Top of RECORDS TO PROCESS

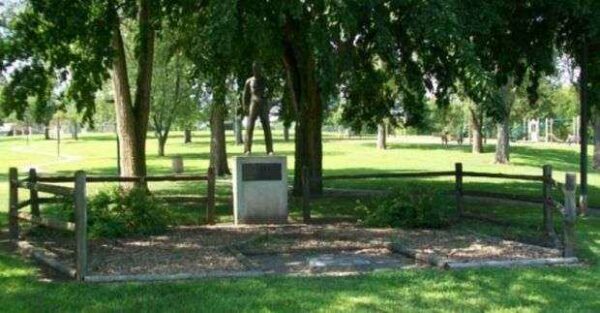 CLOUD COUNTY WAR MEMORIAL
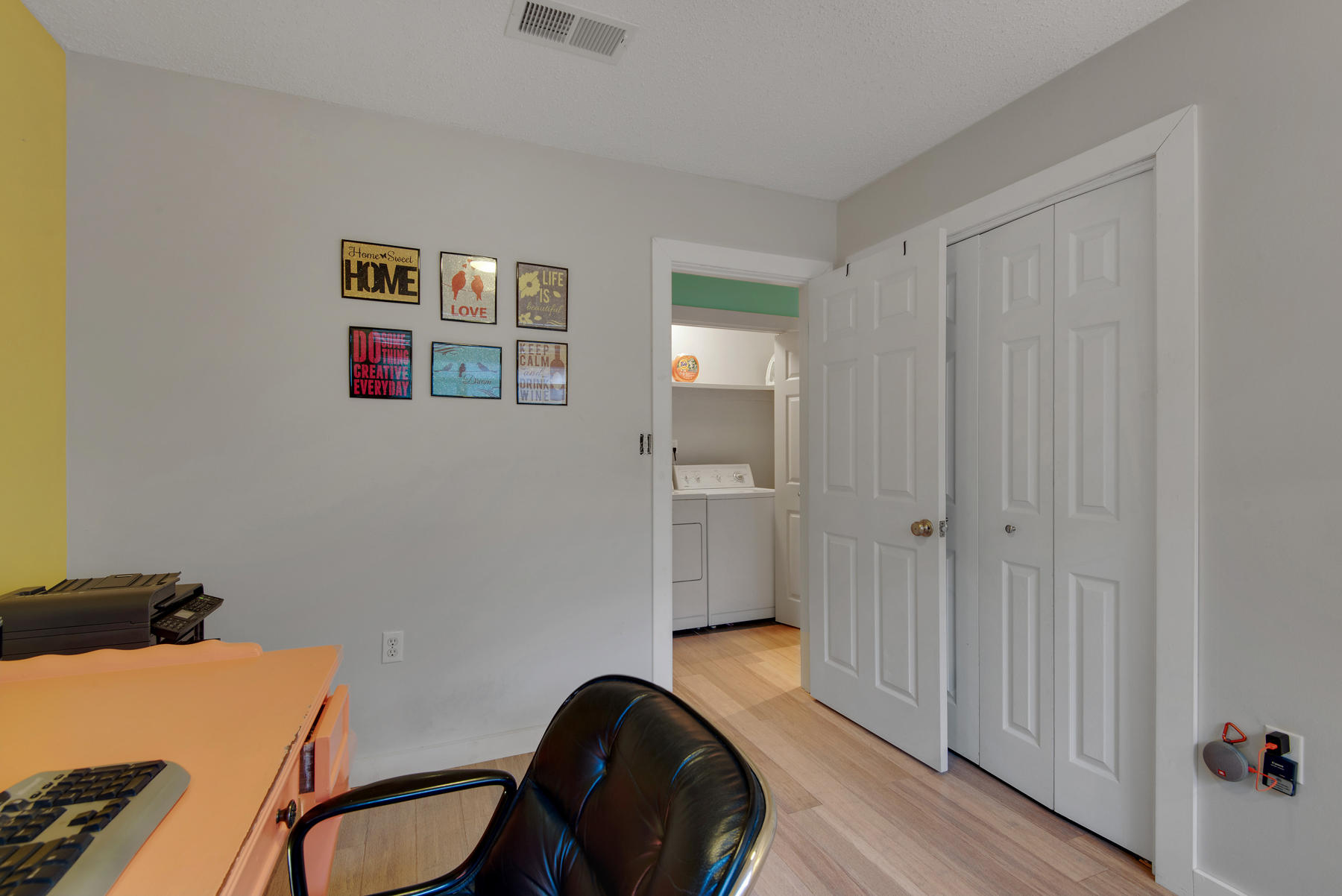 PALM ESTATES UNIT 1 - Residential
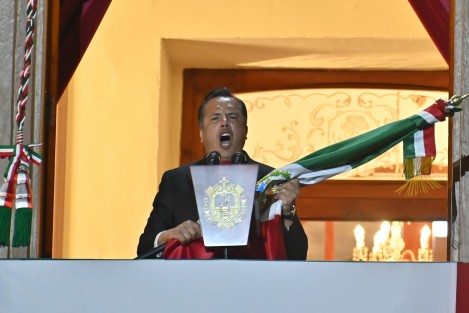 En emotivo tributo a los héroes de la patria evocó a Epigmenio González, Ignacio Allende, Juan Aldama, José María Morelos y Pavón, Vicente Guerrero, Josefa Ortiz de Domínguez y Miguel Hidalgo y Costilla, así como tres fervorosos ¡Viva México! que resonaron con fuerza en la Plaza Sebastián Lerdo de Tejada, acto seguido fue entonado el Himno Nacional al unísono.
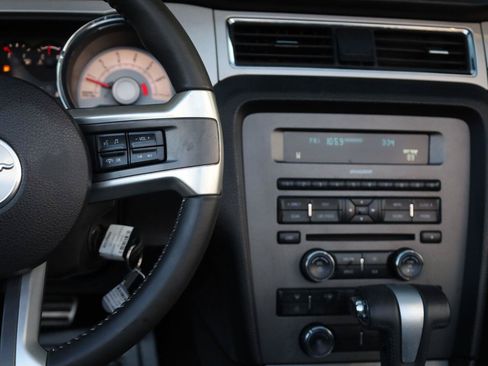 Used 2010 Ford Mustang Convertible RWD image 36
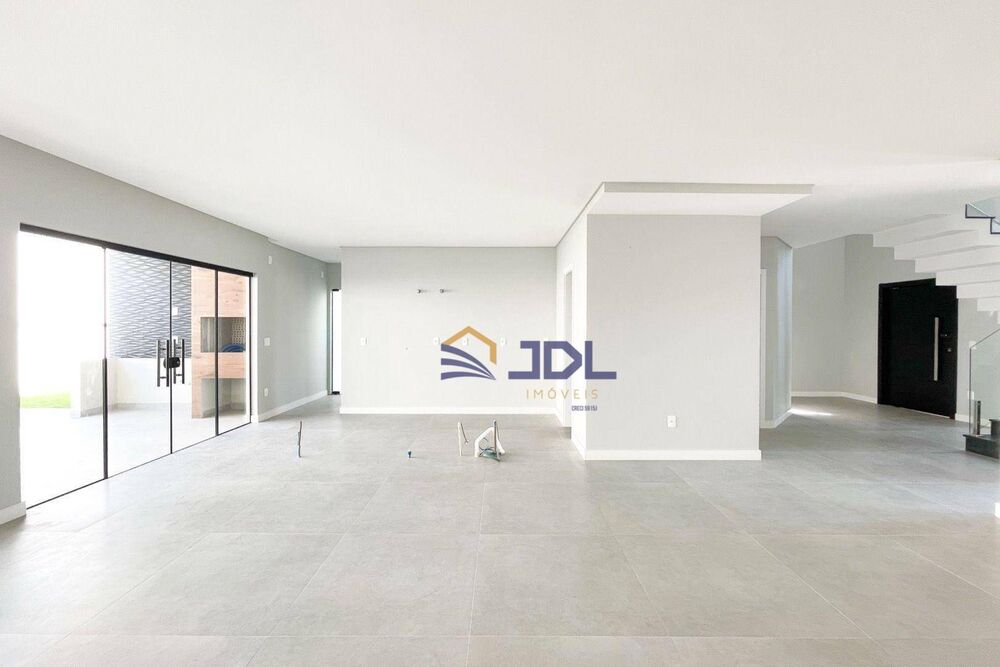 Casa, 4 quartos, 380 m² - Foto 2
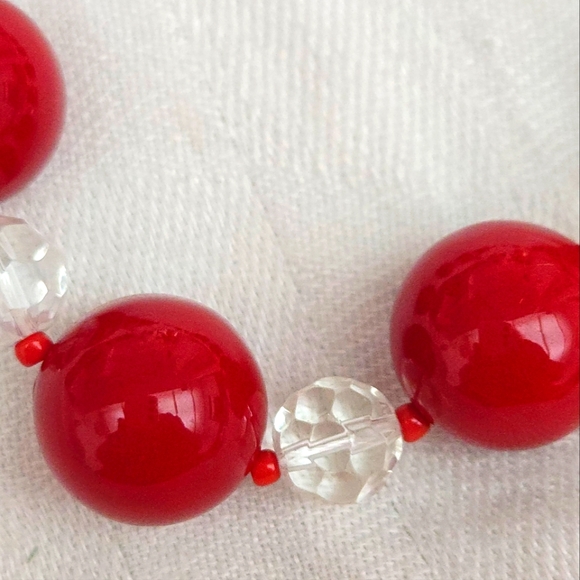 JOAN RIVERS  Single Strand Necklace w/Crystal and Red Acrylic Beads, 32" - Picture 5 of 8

Bottom of RECORDS TO PROCESS

THE TASK: With pictures omitted, reproduce exactly the lines from the line containing "Casa, 4 quartos, 380 m² - Foto 2" through the end of the data above.

REPLY TO THE TASK:
 Casa, 4 quartos, 380 m² - Foto 2
 JOAN RIVERS  Single Strand Necklace w/Crystal and Red Acrylic Beads, 32" - Picture 5 of 8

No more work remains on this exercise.